+++ GIVEN DATA

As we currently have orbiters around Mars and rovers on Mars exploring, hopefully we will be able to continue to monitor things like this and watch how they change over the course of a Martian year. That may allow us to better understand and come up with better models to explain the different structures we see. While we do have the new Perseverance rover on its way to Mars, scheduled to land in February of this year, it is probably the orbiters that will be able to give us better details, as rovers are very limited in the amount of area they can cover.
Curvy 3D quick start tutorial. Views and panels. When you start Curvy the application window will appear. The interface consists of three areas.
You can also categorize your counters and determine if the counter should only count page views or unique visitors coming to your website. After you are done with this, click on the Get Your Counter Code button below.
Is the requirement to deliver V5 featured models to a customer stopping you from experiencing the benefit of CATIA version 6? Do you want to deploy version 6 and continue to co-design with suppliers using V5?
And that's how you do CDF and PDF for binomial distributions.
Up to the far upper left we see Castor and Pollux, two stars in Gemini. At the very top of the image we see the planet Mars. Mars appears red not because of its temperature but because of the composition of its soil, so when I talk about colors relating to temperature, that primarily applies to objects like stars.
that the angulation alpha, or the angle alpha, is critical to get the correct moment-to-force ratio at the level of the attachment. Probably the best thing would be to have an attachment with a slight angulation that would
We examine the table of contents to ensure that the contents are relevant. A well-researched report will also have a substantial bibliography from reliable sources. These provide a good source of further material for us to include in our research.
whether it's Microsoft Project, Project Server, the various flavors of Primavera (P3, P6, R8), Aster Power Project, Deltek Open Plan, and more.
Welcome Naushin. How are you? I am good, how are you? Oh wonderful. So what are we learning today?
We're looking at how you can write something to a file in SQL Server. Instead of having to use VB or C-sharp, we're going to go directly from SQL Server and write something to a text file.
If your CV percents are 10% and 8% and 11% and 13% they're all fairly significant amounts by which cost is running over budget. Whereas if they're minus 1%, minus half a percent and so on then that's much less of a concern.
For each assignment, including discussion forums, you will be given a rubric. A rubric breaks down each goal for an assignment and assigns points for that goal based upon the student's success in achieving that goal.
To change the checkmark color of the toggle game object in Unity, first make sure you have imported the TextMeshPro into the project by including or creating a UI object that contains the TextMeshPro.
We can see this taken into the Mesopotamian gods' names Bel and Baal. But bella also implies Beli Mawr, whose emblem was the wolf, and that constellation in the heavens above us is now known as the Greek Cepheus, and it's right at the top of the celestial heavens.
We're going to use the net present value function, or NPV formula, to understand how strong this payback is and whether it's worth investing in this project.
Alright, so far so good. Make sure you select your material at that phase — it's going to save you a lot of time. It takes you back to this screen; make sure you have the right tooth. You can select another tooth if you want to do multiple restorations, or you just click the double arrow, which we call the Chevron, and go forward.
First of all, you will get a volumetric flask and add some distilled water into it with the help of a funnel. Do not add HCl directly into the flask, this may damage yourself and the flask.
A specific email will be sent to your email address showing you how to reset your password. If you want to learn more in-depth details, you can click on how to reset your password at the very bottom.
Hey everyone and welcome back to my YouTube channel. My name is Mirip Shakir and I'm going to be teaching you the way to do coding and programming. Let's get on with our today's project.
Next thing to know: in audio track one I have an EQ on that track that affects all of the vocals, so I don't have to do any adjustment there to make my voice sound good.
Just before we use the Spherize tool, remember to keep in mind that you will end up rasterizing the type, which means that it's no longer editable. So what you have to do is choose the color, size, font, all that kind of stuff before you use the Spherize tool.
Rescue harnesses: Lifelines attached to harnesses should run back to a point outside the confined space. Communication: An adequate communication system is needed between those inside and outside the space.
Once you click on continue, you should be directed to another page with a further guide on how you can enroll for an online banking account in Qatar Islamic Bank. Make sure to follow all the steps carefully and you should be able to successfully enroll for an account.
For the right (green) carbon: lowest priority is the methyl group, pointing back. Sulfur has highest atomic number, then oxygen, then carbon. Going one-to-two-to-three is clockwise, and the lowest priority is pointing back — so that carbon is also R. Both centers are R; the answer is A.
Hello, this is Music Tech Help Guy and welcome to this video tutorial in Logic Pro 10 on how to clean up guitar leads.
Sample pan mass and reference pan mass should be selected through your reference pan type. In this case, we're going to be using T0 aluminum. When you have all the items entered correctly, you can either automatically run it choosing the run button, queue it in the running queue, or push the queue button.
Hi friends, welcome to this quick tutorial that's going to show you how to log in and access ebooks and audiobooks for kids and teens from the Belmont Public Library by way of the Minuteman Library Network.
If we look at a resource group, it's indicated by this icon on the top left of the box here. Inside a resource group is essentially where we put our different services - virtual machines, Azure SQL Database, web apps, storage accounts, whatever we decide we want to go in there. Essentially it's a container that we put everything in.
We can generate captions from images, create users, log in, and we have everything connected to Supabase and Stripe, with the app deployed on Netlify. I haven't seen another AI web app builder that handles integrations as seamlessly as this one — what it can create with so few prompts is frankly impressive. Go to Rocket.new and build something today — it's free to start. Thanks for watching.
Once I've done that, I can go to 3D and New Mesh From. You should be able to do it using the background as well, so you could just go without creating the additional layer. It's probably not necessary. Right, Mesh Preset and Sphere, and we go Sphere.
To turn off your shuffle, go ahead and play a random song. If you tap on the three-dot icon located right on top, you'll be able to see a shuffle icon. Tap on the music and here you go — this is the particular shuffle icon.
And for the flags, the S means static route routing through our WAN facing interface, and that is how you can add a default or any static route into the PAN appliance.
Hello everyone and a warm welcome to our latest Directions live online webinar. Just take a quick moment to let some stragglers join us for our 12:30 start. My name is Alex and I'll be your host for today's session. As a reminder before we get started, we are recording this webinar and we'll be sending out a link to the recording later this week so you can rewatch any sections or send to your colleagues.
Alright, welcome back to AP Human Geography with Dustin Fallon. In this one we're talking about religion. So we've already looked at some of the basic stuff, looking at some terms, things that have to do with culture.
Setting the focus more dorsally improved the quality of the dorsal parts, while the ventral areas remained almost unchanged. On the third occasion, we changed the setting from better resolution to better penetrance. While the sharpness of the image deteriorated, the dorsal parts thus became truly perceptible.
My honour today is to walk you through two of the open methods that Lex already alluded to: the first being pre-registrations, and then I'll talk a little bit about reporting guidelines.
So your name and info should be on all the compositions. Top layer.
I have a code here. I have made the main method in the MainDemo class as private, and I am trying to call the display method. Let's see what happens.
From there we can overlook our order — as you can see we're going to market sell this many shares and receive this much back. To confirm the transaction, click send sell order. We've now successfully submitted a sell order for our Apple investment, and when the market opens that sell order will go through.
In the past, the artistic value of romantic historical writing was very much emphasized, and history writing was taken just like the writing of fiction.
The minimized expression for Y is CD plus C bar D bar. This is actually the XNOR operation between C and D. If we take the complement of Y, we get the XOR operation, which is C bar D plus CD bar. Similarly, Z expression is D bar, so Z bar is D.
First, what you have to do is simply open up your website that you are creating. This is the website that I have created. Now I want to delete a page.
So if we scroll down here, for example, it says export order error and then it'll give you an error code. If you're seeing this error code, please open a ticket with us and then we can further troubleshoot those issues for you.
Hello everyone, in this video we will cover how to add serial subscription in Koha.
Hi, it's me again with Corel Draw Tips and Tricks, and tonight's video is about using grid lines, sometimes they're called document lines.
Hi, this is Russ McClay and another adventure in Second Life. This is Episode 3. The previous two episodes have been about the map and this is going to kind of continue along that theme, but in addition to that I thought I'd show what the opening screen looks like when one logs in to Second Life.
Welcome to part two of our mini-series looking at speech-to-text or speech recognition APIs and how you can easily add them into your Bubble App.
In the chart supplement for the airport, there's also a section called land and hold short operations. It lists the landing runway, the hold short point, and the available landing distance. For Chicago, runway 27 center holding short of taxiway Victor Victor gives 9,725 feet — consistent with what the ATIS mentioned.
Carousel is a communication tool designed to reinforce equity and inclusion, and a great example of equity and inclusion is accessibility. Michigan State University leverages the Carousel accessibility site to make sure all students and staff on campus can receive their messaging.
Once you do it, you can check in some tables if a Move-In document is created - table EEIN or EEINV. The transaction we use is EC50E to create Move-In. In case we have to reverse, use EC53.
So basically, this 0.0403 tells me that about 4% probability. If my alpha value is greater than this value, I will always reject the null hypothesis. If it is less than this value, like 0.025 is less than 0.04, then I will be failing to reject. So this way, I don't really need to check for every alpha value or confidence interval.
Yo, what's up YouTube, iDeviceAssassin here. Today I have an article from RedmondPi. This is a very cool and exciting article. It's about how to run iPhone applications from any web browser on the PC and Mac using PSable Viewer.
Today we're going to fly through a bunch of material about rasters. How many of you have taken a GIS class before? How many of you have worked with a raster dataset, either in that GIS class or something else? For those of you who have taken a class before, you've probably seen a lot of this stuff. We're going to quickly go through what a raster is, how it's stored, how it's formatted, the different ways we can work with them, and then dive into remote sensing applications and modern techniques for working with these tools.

++++++

Write out only the lines from the very start of the entries above to the line that includes "Up to the far", both ends included, each one unchanged.

ANSWER TO THIS TASK:
As we currently have orbiters around Mars and rovers on Mars exploring, hopefully we will be able to continue to monitor things like this and watch how they change over the course of a Martian year. That may allow us to better understand and come up with better models to explain the different structures we see. While we do have the new Perseverance rover on its way to Mars, scheduled to land in February of this year, it is probably the orbiters that will be able to give us better details, as rovers are very limited in the amount of area they can cover.
Curvy 3D quick start tutorial. Views and panels. When you start Curvy the application window will appear. The interface consists of three areas.
You can also categorize your counters and determine if the counter should only count page views or unique visitors coming to your website. After you are done with this, click on the Get Your Counter Code button below.
Is the requirement to deliver V5 featured models to a customer stopping you from experiencing the benefit of CATIA version 6? Do you want to deploy version 6 and continue to co-design with suppliers using V5?
And that's how you do CDF and PDF for binomial distributions.
Up to the far upper left we see Castor and Pollux, two stars in Gemini. At the very top of the image we see the planet Mars. Mars appears red not because of its temperature but because of the composition of its soil, so when I talk about colors relating to temperature, that primarily applies to objects like stars.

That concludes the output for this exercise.